Overview & Architecture
What We're Building
This guide deploys Kubecost v2.8.4 on a SageMaker HyperPod EKS cluster with:
- Accurate per-node pricing derived from your actual CUR billing data (not public on-demand rates)
- Per-pod cost allocation by
project,team, and custom labels - Total cluster cost visibility — compute, storage (EBS, FSx), EKS fee, data transfer
- Enforced tagging so every workload is attributed to a team and project
How It Works (Architecture)
CUR (AmazonSageMaker billing) ──► Athena ──► Effective Hourly Rates
│
CSV Pricing File
│
ConfigMap (K8s)
│
┌──── Kubecost v2.8.4 on HyperPod EKS ──┤
│ │
│ Prometheus ──► Cost Model ◄──── CSV Pricing
│ (k8s metrics) (usage × price)
│ │
│ ▼
│ ETL pipeline
│ │
│ ▼
│ Allocations (pod/team/project costs)
│ Assets (node/disk costs)
│ Cloud Cost (FSx, S3, EKS fee from CUR)
│ Collections, Anomaly Detection
└────────────────────────────────────────
Why CSV Pricing Is Required for HyperPod
SageMaker HyperPod compute is billed in CUR under AmazonSageMaker with usage types like Cluster:ml.g5.12xlarge — NOT under AmazonEC2 with i-* instance IDs. Kubecost's built-in CUR reconciliation matches nodes by EC2 instance ID, which doesn't exist for HyperPod.
Result: Kubecost's automatic CUR node reconciliation does not work for HyperPod.
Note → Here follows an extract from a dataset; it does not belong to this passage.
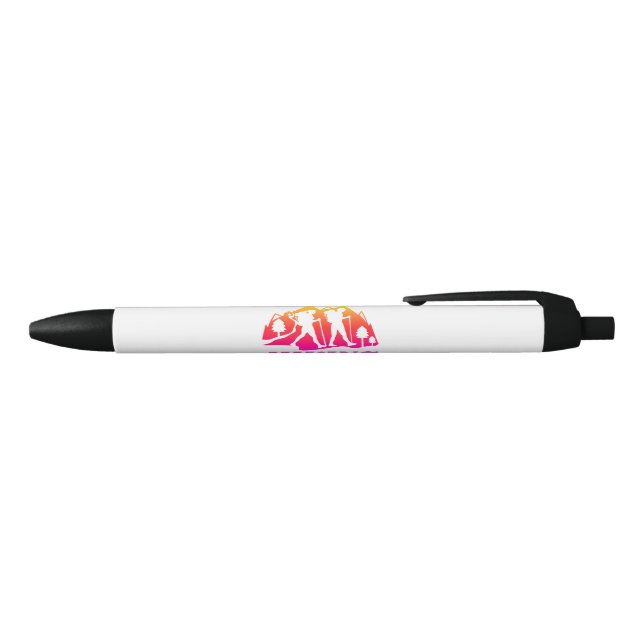 Hiking or Trekking Black Ink Pen (Top)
CSV custom pricing is the primary mechanism for accurate node-level costs.
Solution: We derive effective hourly rates from CUR via Athena and load them into Kubecost as CSV pricing. CUR still provides the Cloud Cost page (total SageMaker/FSx/S3 costs).
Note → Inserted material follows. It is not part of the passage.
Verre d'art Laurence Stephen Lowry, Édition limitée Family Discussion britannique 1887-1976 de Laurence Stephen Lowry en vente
HyperPod-Specific Considerations
| Aspect | HyperPod Difference | Impact |
|---|---|---|
| Billing service | AmazonSageMaker (not AmazonEC2) | CSV pricing required for node costs |
| Node naming | hyperpod-i-xxxxxxxx | Kubecost maps via providerID |
| EBS volumes | Requires sagemaker:AttachClusterNodeVolume | Extra IAM permissions |
| Dashboard access | ClusterIP + port-forward | No public LB needed; use kubectl port-forward |
Prerequisites & Tools
Required CLI Tools
aws --version # v2.x required
kubectl version --client # v1.25+ (v2.x requires K8s 1.25+)
helm version # v3.12+
eksctl version # v0.150+
jq --version # v1.6+
docker --version # For ECR login
Kubecost v2.x requires Kubernetes 1.25 or later. Verify your HyperPod EKS cluster version:
kubectl version --client --output=yaml | grep gitVersion
AWS Permissions
Your IAM user/role needs: IAM (create policies/roles), EKS (describe/addons), S3 (CUR + Athena buckets), Athena (queries), Glue (catalog), Cost Explorer (billing), EC2 (describe), SageMaker (AttachClusterNodeVolume), CloudFormation (describe stacks).
CUR Requirements
You need at least one CUR configured:
| Setting | Required Value |
|---|---|
| Format | Parquet |
| Athena integration | Enabled |
| Resource IDs | Enabled |
| Granularity | Hourly (preferred) or Daily |